The latest figures released on the use of tasers by police forces across the country are starting to look concerning. While the jump from 187 uses between October to December 2008 to 250 during January to March this year can be explained by how the Home Office allowed Chief Officers to decide when "specially-trained" units can be deployed with the weapons, it doesn't explain why different forces are using them far more readily than others.

The most startling are the number of uses by Northumbria police, which since April 2004 has used tasers in one way or another on 704 occasions, 4 more than even the Met has. This is an astounding number, especially when compared to another force of similar size and with a similar urban environment, Merseyside, who also took part in the same trial as Northumbria and which has used them just 76 times in total. One explanation might that more units were trained in their use than in the other forces, but Northumbria's use still seems to be remarkably high. Northumbria claim that their use is highest because they're the only force to train firearm response officers to also use them, and that the rise would correspond with the drop in firearm officers being deployed, in contrast to other forces, but it also makes you wonder whether because officers know this they more readily call for help when faced with problems they would have dealt with themselves before. Only the Met and West Yorkshire actually fully "discharged", as in fired rather than threatened their use or pressed the weapon up against the person on more occasions.

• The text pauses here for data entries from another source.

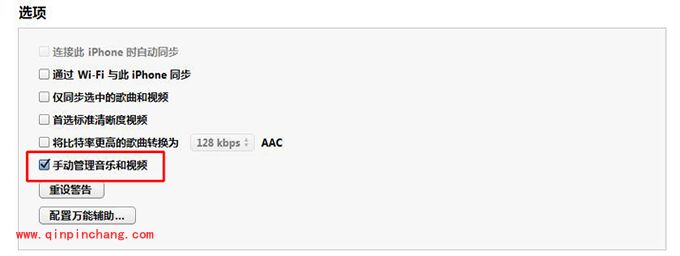 金山手机助手无法导入媒体文件?金山手机助手导入媒体文件出错解决方法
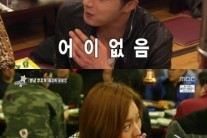 ‘무한도전’ 유이, 정일우 멱살 붙잡고 격렬한 키스신 재조명…‘짜릿’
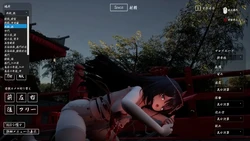The Spiriting Away by a Yandere Onee-san game image: img7.webp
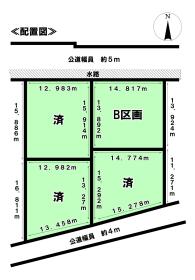 羽島郡岐南町三宅６丁目
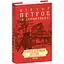 Пантелеймон Куліш. Життя і творчість - Віктор Домонтович - мініатюра 3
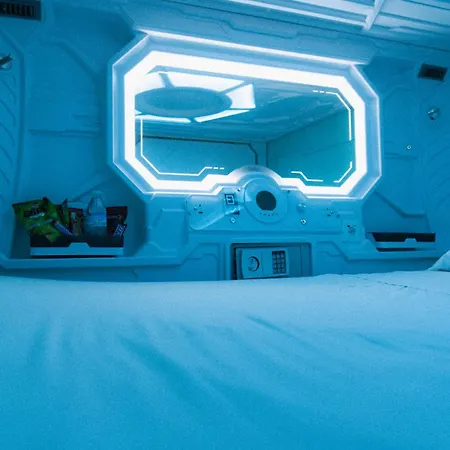 Futurotel * Севилья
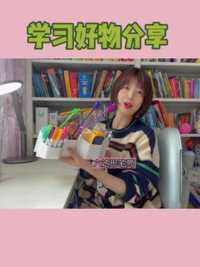 #育儿 学习好物大合集来了 有低至几元的小物件也有上千元的大件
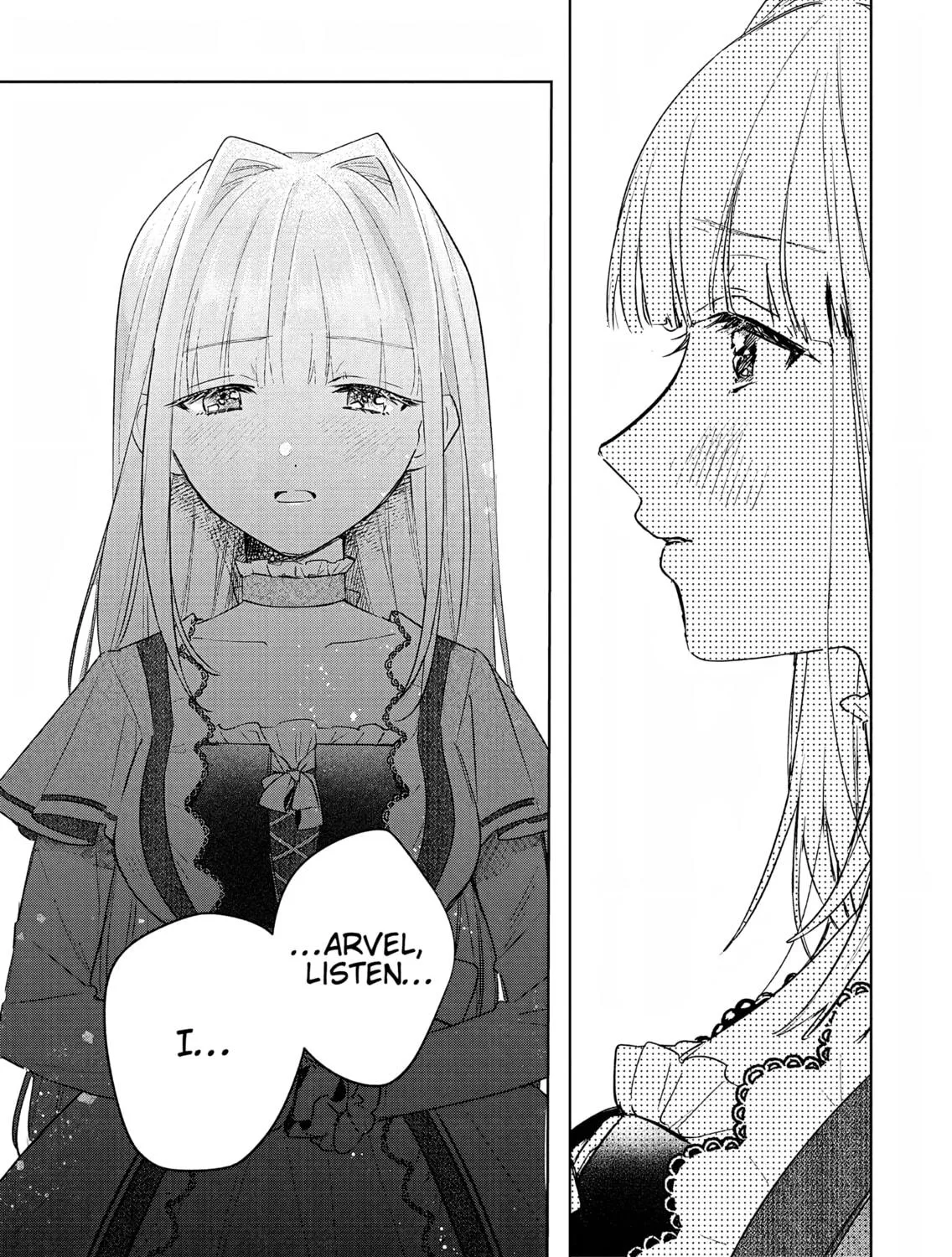 Akujo Kyosei Keikaku Chapter 4 page 49 - 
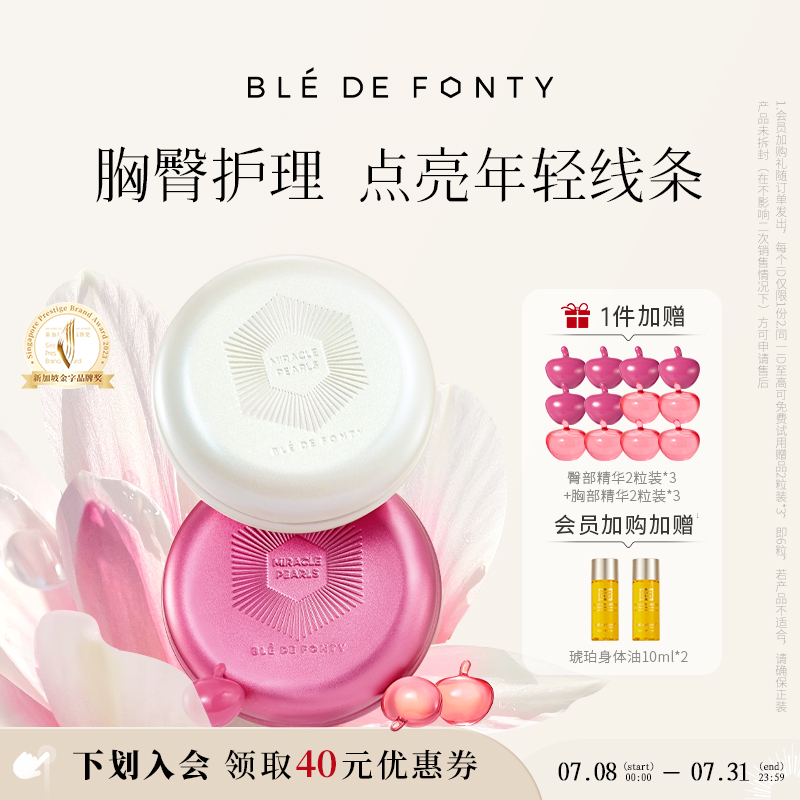 枫缇胸部+臀部护理精华油套装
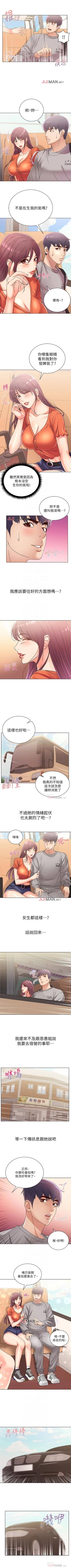 Page 162 of 【周三连载】超市的漂亮姐姐（作者：北鼻&逃兵） 第1~38话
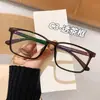 22742 Gafas de Montura Cuadrada Ultraligeras para Hombres y Mujeres, Ligeras y Duraderas, No se Deforman Fácilmente, Montura que Adelgaza el Rostro, Recomendadas por Tiendas de Óptica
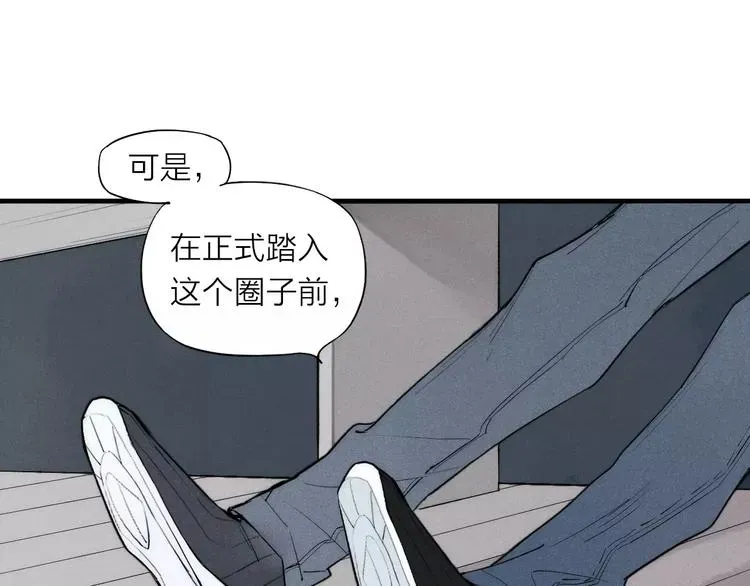 《给我哭》-辞浅而情深 第79话 要这样做吗 第45页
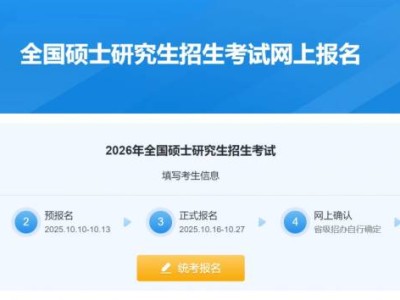 2026湖北考研考生信息填写操作步骤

The biggest worry with the use of tasers has to be that when the police would previously have reasoned extensively to subdue someone who was uncooperative with them, or used acceptable, if subjective force to achieve the same result, the weapon becomes the first resort rather than the last, even if used just simply as a threat. Unlike in the US, where the Taser was meant to be deployed as an alternative to firearms (even if, somewhat predictably, no such fall in the use of guns seems to have been noted), police in this country have only ever used guns when the suspect is also believed to have or has used one. That tasers seem to be entering normal police use, and that as a result, their use also becomes to be seen as normal is a cause for concern when the safety of the weapons is far from being certain. As the Guardian leader argues, the exact circumstances of their use, as well as how they were used needs to be recorded to ensure that the above doesn't become the norm. The police blogger Nightjack wrote that most police were approachable and pleasant, it was just that they had started to dress and be armed like "imperial stormtroopers" which worried and put the general public off. The casual deployment of tasers would only make such attitudes worse.